Prove that $Ker (\phi ) = (X^2 - Y^3, Y^2-Z^3)$ where $\phi : k[X,Y,Z] \rightarrow k[T]$ s.t. $X \mapsto t^9, \; Y \mapsto t^6, \; Z \mapsto t^4$.

Question

I want to prove that for a ring homomorphism $\phi : k[X,Y,Z] \rightarrow k[T]$ s.t. $X \mapsto t^9, \; Y \mapsto t^6, \; Z \mapsto t^4$, we have $Ker (\phi ) = (X^2 - Y^3, Y^2-Z^3)$.

My attempt: It is easy to prove that $ I = (X^2 - Y^3, Y^2-Z^3) \subset Ker (\phi ) $.

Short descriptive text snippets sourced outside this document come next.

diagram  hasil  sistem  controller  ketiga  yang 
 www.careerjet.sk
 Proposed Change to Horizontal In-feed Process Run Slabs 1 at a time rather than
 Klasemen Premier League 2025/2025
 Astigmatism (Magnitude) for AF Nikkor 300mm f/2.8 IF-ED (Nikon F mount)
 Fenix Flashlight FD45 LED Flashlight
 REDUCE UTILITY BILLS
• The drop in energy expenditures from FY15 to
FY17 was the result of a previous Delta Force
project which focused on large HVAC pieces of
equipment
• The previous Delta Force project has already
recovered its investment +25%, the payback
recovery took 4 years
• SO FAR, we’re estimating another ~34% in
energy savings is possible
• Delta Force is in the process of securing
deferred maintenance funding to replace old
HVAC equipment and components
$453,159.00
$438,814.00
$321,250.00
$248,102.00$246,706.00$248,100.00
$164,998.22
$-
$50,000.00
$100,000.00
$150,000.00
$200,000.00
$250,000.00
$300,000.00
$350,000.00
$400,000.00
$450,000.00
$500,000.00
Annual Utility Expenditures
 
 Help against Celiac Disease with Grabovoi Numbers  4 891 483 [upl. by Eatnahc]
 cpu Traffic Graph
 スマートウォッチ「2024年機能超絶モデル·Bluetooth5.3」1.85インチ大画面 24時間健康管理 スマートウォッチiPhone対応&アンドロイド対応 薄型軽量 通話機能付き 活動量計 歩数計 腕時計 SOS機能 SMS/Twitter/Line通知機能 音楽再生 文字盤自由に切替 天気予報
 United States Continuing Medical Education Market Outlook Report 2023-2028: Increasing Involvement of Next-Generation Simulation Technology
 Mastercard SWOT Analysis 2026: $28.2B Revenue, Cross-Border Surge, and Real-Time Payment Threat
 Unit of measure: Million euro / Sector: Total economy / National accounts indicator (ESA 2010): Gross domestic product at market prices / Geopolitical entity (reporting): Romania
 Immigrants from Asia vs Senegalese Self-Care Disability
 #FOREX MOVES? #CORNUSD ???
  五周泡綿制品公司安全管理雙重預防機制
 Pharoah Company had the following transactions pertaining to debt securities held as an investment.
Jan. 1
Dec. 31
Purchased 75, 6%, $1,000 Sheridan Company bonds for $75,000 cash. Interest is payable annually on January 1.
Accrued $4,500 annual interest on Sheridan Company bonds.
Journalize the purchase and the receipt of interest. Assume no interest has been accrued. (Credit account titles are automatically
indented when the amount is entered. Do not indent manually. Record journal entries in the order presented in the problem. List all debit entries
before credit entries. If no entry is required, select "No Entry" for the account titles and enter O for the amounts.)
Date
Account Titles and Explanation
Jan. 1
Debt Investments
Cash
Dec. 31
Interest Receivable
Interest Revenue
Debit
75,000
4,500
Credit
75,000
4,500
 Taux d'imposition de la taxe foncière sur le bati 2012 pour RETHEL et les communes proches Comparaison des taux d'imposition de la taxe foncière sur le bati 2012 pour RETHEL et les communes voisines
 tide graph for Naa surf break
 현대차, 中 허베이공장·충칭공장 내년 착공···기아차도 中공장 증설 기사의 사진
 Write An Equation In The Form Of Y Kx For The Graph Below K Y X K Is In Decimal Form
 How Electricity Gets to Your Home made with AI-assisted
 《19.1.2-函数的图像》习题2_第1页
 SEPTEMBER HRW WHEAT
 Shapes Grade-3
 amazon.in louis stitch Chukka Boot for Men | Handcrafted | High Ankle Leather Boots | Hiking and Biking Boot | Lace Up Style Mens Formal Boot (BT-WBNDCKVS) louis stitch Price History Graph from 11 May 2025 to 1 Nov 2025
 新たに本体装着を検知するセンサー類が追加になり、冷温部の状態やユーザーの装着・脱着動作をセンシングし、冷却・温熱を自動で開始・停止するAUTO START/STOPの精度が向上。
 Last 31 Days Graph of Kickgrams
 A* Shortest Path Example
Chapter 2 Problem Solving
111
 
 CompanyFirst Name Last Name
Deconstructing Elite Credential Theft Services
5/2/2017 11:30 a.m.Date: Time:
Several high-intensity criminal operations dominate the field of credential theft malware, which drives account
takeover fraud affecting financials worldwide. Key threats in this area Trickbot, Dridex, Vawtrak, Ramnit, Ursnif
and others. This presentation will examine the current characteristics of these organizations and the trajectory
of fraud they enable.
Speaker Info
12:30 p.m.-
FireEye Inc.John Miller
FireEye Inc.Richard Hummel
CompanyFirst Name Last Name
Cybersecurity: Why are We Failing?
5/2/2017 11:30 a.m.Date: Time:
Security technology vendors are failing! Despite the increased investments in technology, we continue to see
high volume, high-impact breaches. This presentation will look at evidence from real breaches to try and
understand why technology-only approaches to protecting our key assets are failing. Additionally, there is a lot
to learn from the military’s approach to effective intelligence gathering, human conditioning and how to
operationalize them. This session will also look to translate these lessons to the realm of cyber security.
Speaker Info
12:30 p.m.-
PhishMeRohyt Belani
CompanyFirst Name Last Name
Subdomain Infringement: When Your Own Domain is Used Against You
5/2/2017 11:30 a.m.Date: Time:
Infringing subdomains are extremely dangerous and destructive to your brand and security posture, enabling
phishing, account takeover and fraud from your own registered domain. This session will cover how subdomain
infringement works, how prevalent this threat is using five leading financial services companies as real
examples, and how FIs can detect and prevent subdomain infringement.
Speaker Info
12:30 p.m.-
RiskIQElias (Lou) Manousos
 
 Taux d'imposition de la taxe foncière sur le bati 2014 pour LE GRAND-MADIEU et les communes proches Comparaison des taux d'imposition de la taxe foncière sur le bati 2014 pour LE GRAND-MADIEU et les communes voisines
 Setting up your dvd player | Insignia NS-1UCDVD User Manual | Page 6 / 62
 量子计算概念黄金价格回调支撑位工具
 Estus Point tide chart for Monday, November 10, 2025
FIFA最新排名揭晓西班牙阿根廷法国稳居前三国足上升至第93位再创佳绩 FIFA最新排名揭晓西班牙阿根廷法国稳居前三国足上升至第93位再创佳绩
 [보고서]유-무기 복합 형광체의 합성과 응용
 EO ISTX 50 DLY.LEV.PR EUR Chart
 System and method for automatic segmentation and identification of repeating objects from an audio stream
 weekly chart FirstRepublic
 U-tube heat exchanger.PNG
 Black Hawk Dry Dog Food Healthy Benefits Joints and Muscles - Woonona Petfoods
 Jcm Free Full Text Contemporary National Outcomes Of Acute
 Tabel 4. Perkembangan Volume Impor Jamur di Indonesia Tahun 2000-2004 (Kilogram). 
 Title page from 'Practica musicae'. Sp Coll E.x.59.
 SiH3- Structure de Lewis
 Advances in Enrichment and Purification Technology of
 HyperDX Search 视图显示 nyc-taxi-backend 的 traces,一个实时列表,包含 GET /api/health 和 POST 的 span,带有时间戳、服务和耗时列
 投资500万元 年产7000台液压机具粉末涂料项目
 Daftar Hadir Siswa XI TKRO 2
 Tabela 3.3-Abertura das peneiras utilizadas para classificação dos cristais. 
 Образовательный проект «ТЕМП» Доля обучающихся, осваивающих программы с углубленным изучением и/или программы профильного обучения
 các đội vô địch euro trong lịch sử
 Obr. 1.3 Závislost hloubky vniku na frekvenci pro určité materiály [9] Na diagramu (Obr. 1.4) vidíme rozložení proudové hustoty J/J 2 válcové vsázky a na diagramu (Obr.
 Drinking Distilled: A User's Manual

To prove $Ker (\phi) \subset I$,

Let $F(X,Y,Z) \in k[X,Y,Z]$ where $k$ is a field. We know that we can write $F$ around any point $(a_1,a_2,a_3) \in \mathbb{A}^3(k)$ as $$ F = \sum \lambda_{(i)} (X-a_1)^{i_1} (Y-a_2)^{i_2}(Z-a_3)^{i_3} $$

and if $F(a_1,a_2,a_3)=0$, then $F = \sum G_{i} (X_i-a_i) $ where $X_i$s are $X,Y,Z$.

We write $F$ around any general point $(t^9,t^6,t^4)$ as $F = G_1(X-t^9)+G_2(Y-t^6)+G_3(Z-t^4)$. How can I show that $F $ can also be written as $F = H_1 (X^2-Y^3) + H_2 (Y^2-Z^3)$?

Edit 1 : Additional question

Is the ring homomorphism $\phi$ surjective? (so that we can comment $k[X,Y,Z]/I \cong k[T]$)?

It doesn't seem surjective as I can't see how what will be mapped to $T \in k[T]$. But as I have verified, I am wrong.

Answer 1

Let's denote $I=(X^2-Y^3,Y^2-Z^3)$. It is, indeed, true that $\operatorname{Ker}(\phi)=I$.

One way of seeing this is that reducing any power $X^n, n\ge2$, modulo $X^2-Y^3$, and after that reducing any power $Y^m, m\ge2$, modulo $Y^2-Z^3$ shows that the quotient ring $k[X,Y,Z]/I$ is a free $k[Z]$ module of rank four with basis $1,X,Y,XY$. After all, all the appearances of $X^2,Y^2$ or higher have been replaced with other monomials.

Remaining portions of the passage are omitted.